Sebagian lainnya terkantuk-kantuk, setengah tidur. Khawatir sepertinya, menantikan panggilan. Pukul 00.50 panggilan terdengar semua berebut ingin duluan, hujan diluar masih cukup lumayan. Seatku 20 B jelas tidak mengenakkan, karena diapit 2 penumpang lainnya. Kulirik sebelah kiriku, anak muda yg sepertinya masih fresh graduate. Sebentar duduk  langsung tenggelam dalam lelap. Disebelah kananku perempuan, wajahnya Arab, mungkin berusia sekitar 30an, karena cukup sering bersama orang-orang Arab bisa kupastikan pasti Arab-Afrika, mungkin mesir atau Marokko.

Sekilas kulihat raut wajahnya gelisah, pesawat sudah take off, mulai goyangan Inull terasa. Kusapa dengan bahasa Arab ? Kaif Halik ? Kaget luar biasa, dia menatapku  mungkin tak percaya ada makhluk disini yg berbahasa Arab, padahal 90 persen penumpang dari Tiongkok. Kuulangi "Min Maghribi aw Mishr ?" Tanyaku. Baru yakin dia dan mulai tersenyum gembira "Alhamdulillah anna Tunisi" "Subhanallah, baiid"...mulailah percakapan membunuh waktu dan menghilangkan kekhawatiran dari goncangan pesawat yang tak mau berhenti walau sejenak. Berulangkali pramugari dan pilot mengingatkan "Kita terbang di cuaca yang tidak bersahabat kencangkan sabuk pengaman dan seterusnya" persis seperti di atas ombak lautan. Bagi yg sering terbang ke luar sih biasa saja, apalagi kalau melalui Bombay goyangan Sakhrukkhan pasti terasa disana. Pengalamanku jatuh pesawat atau kena badai salju memang lebih dahsyat tapi ya gimanapun di atas pesawat namanya guncangan kadang tetap membuat hati bergetar juga

Rahmah, perempuan Tunisia seorang Muhandis (Insinyur) dalam bidang minerologi, dia punya projek dengan satu perusahaan di Halmahera dan akan tinggal selama 2 bulan. Luar biasa perkasa sekali, perjalanan panjang dari Tunis seorang diri menuju ke Halmahera yang belum pernah dia jajaki.

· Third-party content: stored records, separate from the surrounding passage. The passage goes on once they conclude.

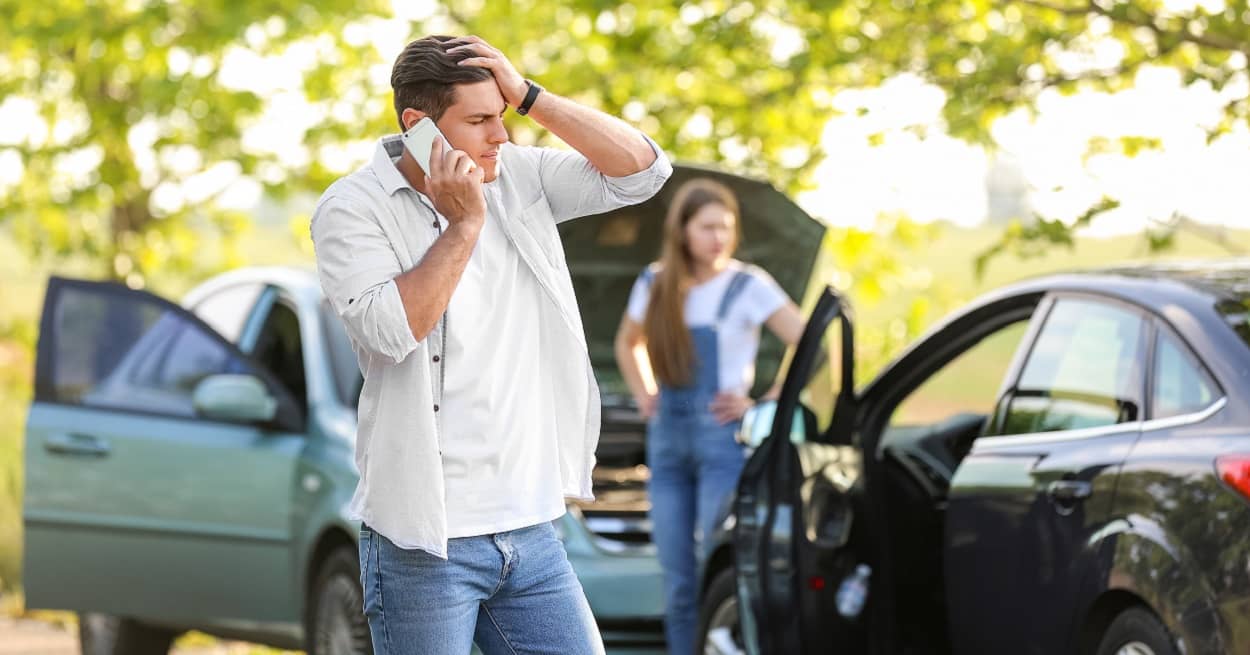 Streit nach einem Autounfall: Ein Fall für die Verkehrsrechtsschutzversicherung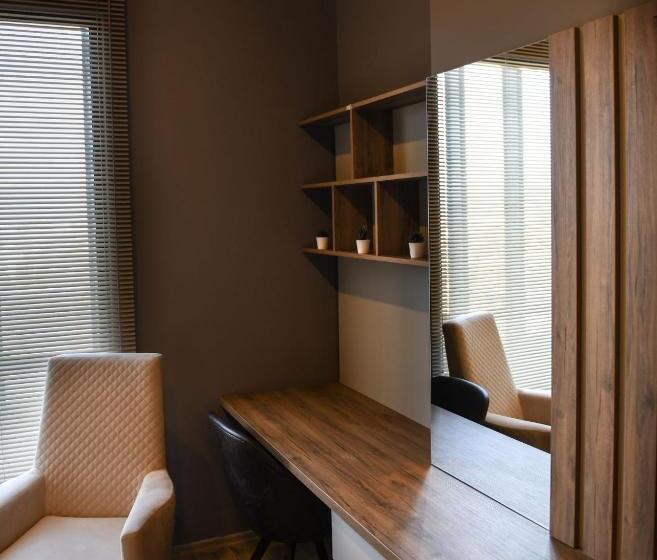 Bureau Resi̇dence Konforlu Daire  221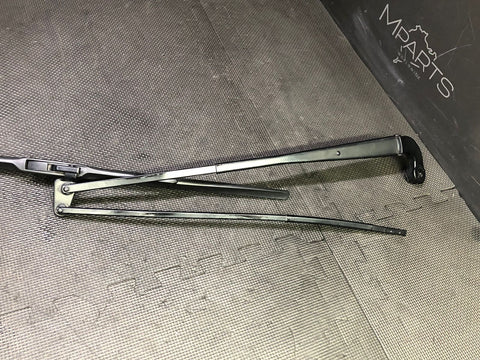 Pair Front Left Right Windshield Wiper Arms Blades 19-23 Ferrari F8 Tributo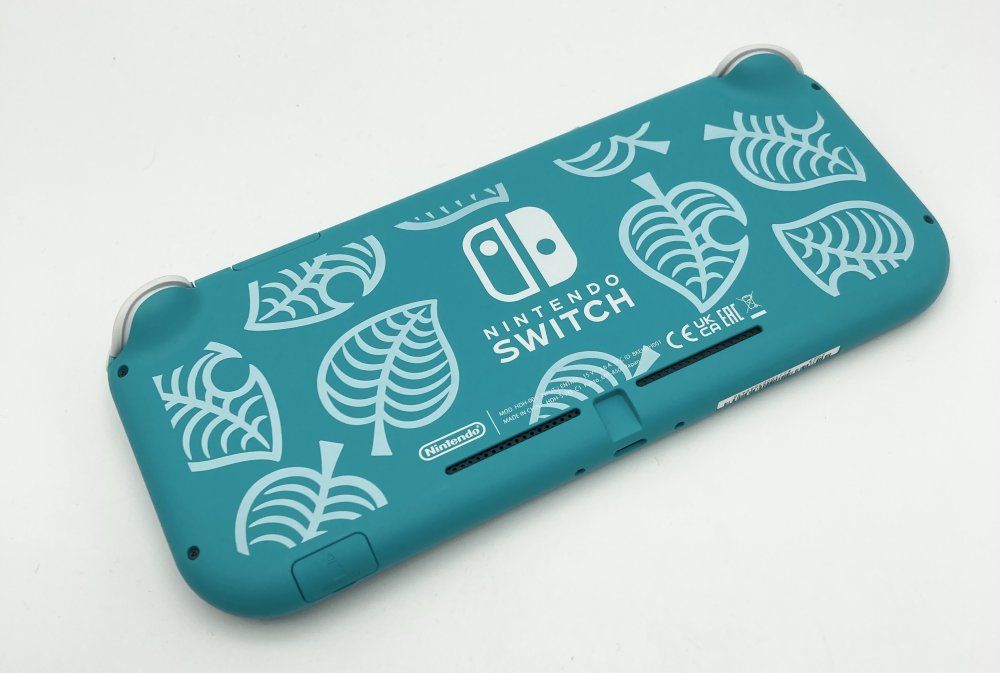 あつまれ どうぶつの森」をセットにした特別デザインのSwitch Liteが本日11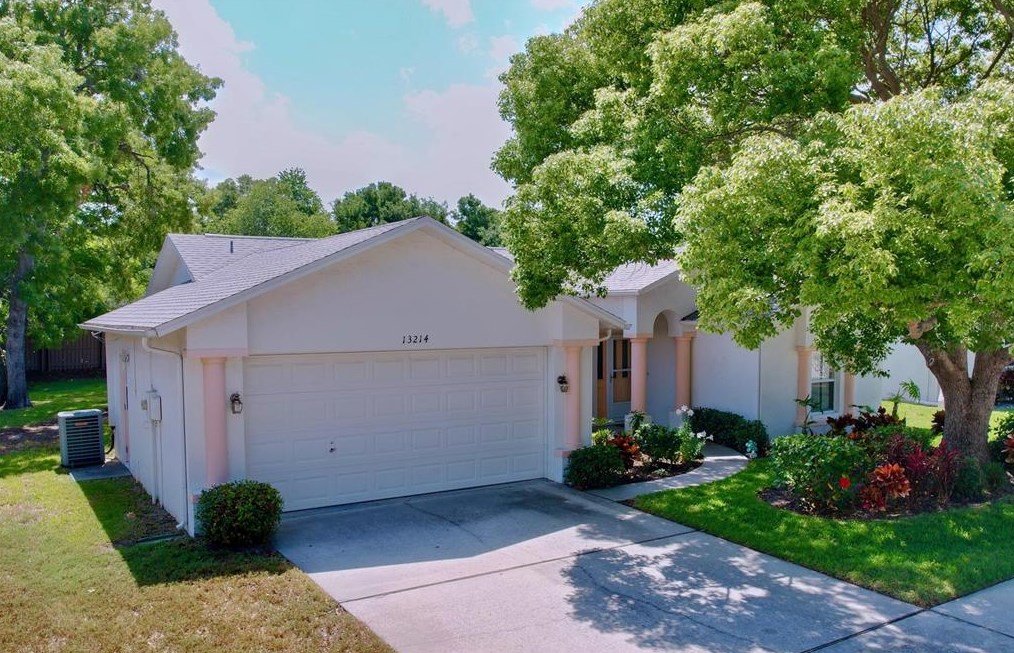 13214 Whaler Dr, Port Richey, FL 34667-6911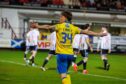 Dan O'Reilly celebrates his winning goal in the Fife derby. Image: Kenny Smith/DC Thomson.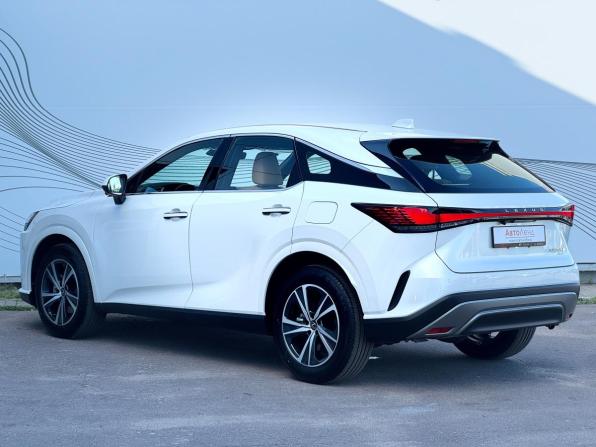 Lexus RX V с пробегом 2026 года, цена 8 400 000 рублей, 10 км, внедорожник, Автокод Объявления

Sekali-kali Rahmah melirik ke jendela yg gelap dan tak tampak apapun setengah gelisah, sampai dia bertanya "Apakah disini selalu seperti ini ?" "Hujan disini tinggi, apalagi dibulan ini jadi ya biasa" terlihat wajahnya berubah agak tenang. "Mengapa kamu seberani ini sendiri ?" "Saya tau disini sebagian besar muslim dan saya dapat informasi dari orang-orang yang saya tanya tentang Indonesia semua berkata orang Indonesia itu sangat baik-baik"..
Batik Air yang membawa kami kemudian landing dengan guncangan mungkin runway nya pendek sehingga pengeremannya cukup keras.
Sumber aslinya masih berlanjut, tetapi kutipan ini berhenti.